A beautifully created, detailed scenario of working class blues and whiskey talking over the jukebox. --R.T. Castleberry

Third Place

Driving Home From Santa Rosa

by Andrew Dufresne
Wild Poetry Forum

I was looking for a map to the destination,
knowing that you are always where you
need to be.

I see birds flying in random patterns, they are
not restless but driven. They are driven
to survive.

They do not complain about their wings.
They do not try to free caged birds.
They fly right by.

I was looking for a key to the kingdom
when there was no kingdom, only earth,
and everything exalted.

There is butchery everywhere the hungry
hope for more of what passes for glory,
but I am flying home.


Restless and driven, I like the repetition and a narrative line that may meander but rights itself quickly toward home. --R.T. Castleberry

Honorable Mention

Trans-figuration

by Guy Kettelhack
Wild Poetry Forum

Ever notice how, just at the pivot,
trigger, tipping point, the very brink
of the stupendous climax, just a hair’s-
breadth blink away from blasting
you ecstatically to trans-mutation
to fulfill the last requirement of your
most yearned-for trans-formation –
.
to requite the hunger for it to arrive
which, you know upon the impress
of a strictly private lifelong revelation,
has been why you had appeared, why
you’re still alive – you know how when,
just at that blink the nano-tiny last
scintilla of the thing is ready to be
.
breathed upon by God to bring about
that requisitely delicate igniting sigh –
hushed, pregnant exhalation of a hello
and goodbye – which opens all
the golden gateways to the ultimate
redefinition of trans-figuration –
ever notice, that’s when people die?
.
Presumably you haven’t, but you will,
at least if hungers as ferocious as
the ones that made Melvina spill (not fly)
off from a window sill pick you, as they
picked her, to face the sole condition
of the only realm that trapped her eye:
the unambiguous indifference of sky.



Honorable Mention

The Photograph

by Jim Doss
Wild Poetry Forum

Look past the tanned, laughing faces;
past the ease of friendship; past eyeliner
and braces, perfect skin free of worry lines.

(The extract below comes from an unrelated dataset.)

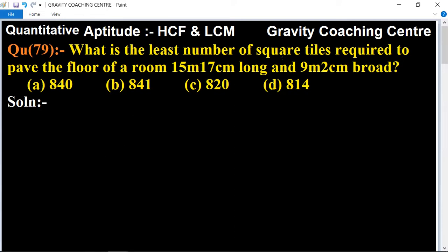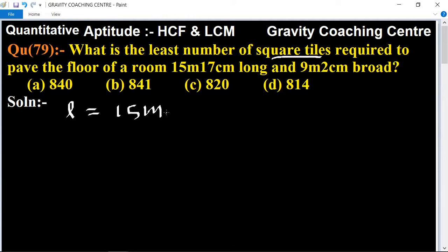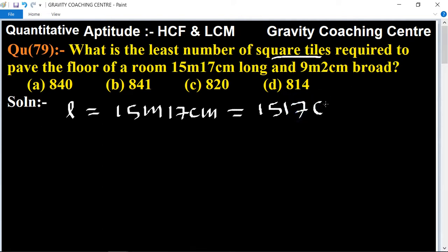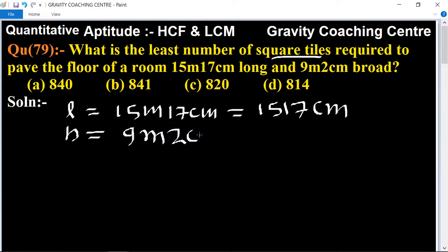We need to find the least number of square tiles required. All tiles must be the same size. The room dimensions are: length is 15 meter 17 centimeter, which we convert to centimeters — that becomes 1517 centimeter. Breadth is 9 meter 2 centimeter, which converts to 902 centimeter.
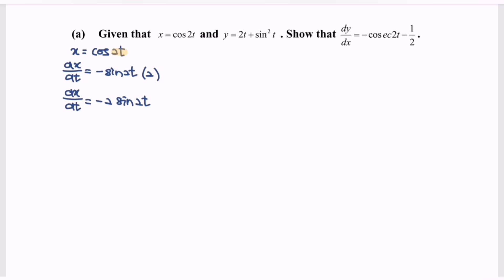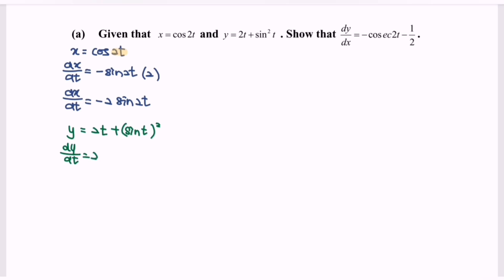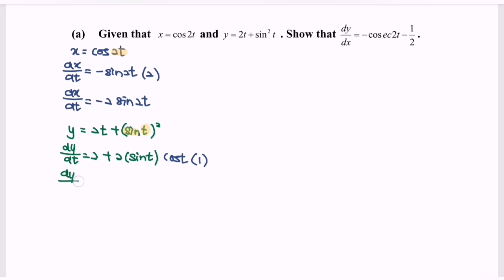Next, focus on y, where y equals 2t plus sine t bracket squared. dy/dt equals 2 plus, focusing on the power, 2 multiplied with sine t to the power 1. Differentiate the sine and we will have cos t. Differentiate the t and we will have 1. So rewrite: dy/dt equals 2 plus 2 sine t cos t.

The shadows around them say 11 a.m.,
hours since oyster boats slipped through the mouth
of the Potomac to dreg the bay’s beds.

In the corner you see empty docks,
gasoline pumps, a police boat swaying
chained to the pier, the waters much cleaner

than decades ago when industrial waste
and chemical froth choked out the rockfish,
suffocated the bivalves. Recovery can take years.

Now eagles and osprey swoop to snatch
any gleam of silver from the waters. You set a sweating
glass down on the table, slip into a kind of grace

you never see coming. Somewhere beneath the tides
a body floats out of sight, one of the boys
who jumped from a boulder on a dare,

or leap from the bridge out of despair, a lone figure
falling into the grey, swirling waters as miles
away skipjacks haul in nets heavy with mud,

shells, and eelgrass. What mother
could imagine her son lifted
by the cold hook as it drags along the bottom?

In the photograph, there’s no hint
of the tragedies to come, just the realization
the gates of suffering are always open and ready

to give birth—hair slick with womb juices, skin pearled
to a waxy smoothness, the body curled as it breaks
the surface, ready to sing out its wail of life.